> _PROVIDED RECORDS_:
- - - -

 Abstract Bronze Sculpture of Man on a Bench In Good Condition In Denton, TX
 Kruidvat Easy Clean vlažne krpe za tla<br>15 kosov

- - - -

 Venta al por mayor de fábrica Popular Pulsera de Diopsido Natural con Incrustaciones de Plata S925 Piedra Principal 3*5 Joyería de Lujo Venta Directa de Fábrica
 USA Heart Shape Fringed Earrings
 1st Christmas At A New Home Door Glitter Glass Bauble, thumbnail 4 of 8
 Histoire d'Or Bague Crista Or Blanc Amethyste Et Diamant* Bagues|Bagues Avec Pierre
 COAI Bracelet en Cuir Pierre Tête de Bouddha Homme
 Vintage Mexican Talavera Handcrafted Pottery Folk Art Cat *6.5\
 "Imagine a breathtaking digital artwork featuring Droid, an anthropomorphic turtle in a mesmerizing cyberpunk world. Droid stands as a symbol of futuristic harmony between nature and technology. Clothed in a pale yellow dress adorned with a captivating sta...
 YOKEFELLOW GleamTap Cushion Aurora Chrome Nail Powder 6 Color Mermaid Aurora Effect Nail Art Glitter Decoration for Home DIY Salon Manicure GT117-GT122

- - - -

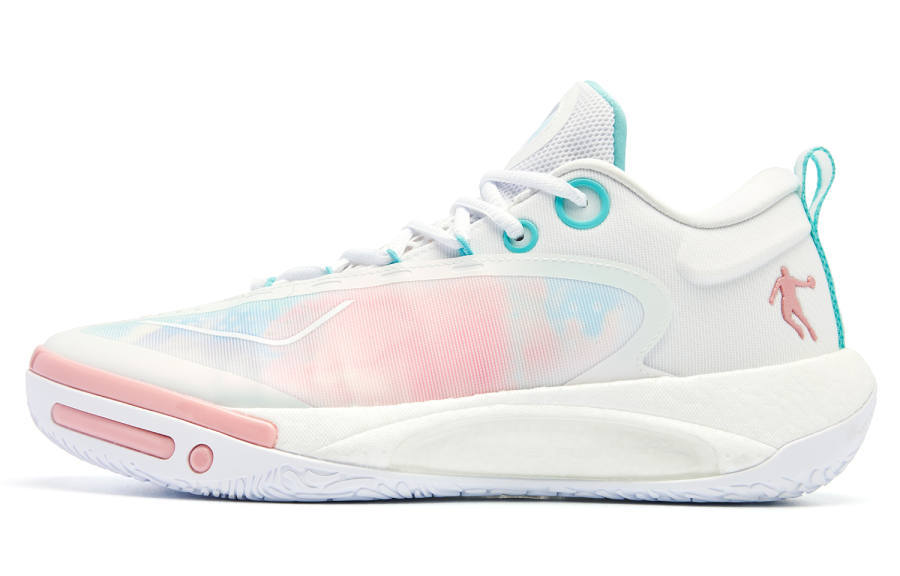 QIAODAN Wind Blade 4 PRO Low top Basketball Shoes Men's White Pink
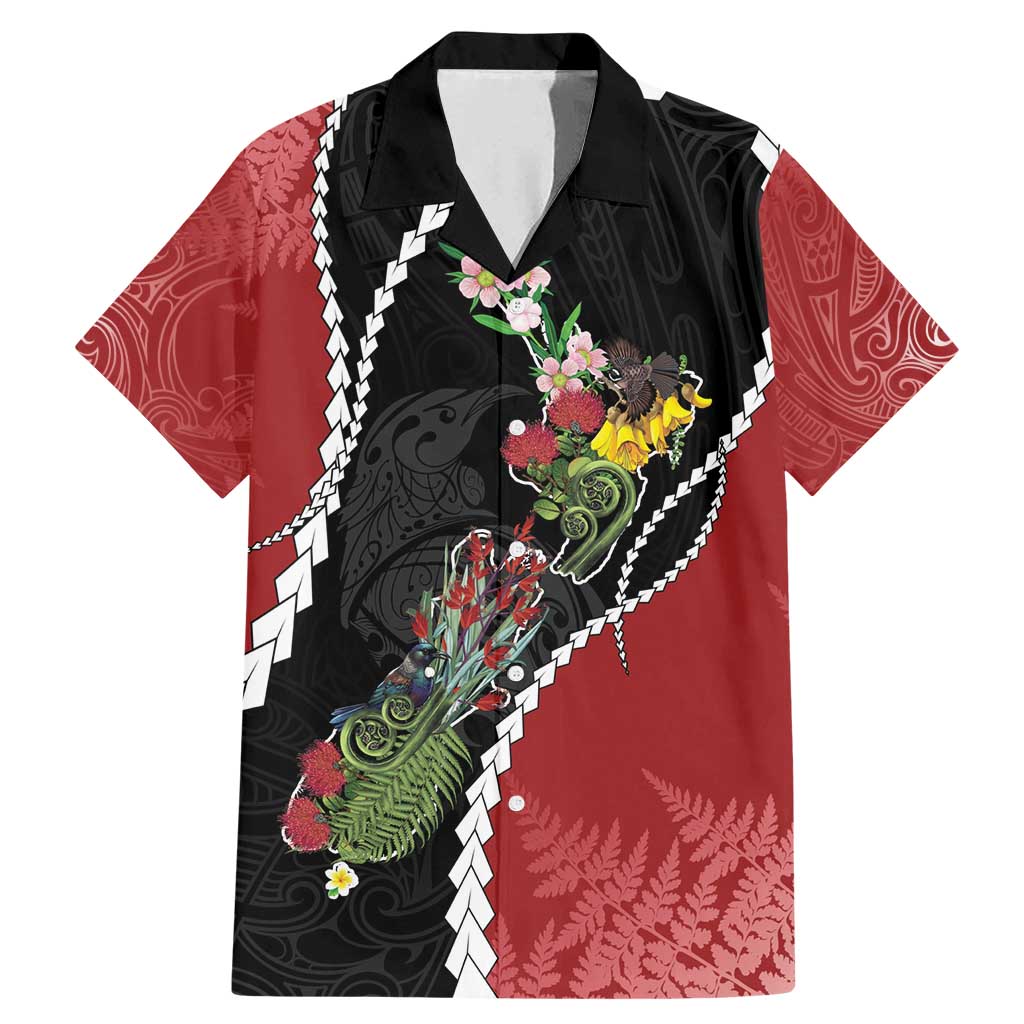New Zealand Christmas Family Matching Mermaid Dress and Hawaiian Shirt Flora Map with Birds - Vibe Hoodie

- - - -

> _TASK INSTRUCTIONS_: Filter the records above and return every line that holds the word "Pierre".

> _RESPONSE TO THIS TASK_:
 Histoire d'Or Bague Crista Or Blanc Amethyste Et Diamant* Bagues|Bagues Avec Pierre
 COAI Bracelet en Cuir Pierre Tête de Bouddha Homme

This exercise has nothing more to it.